= Beginning of Section =

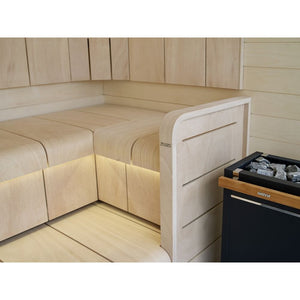 Harvia Virta Black Electric Sauna Heater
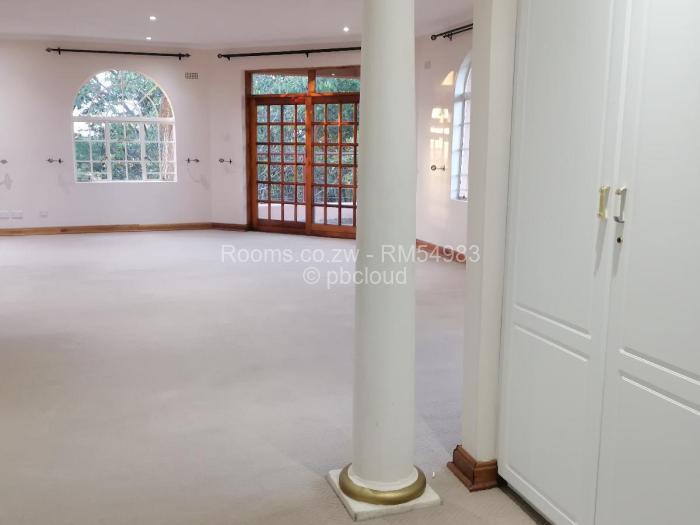 Room to Rent in Glen Lorne, Harare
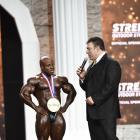 Shaun  Clarida - IFBB Olympia 2020 - #1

= End of Section =

== WORK INSTRUCTIONS ==
Your task is to copy exactly the lines from the line containing "Room to Rent in Glen Lorne, Harare" through the final line of the listing above and to omit every picture.

== RESPONSE AREA ==
 Room to Rent in Glen Lorne, Harare
 Shaun  Clarida - IFBB Olympia 2020 - #1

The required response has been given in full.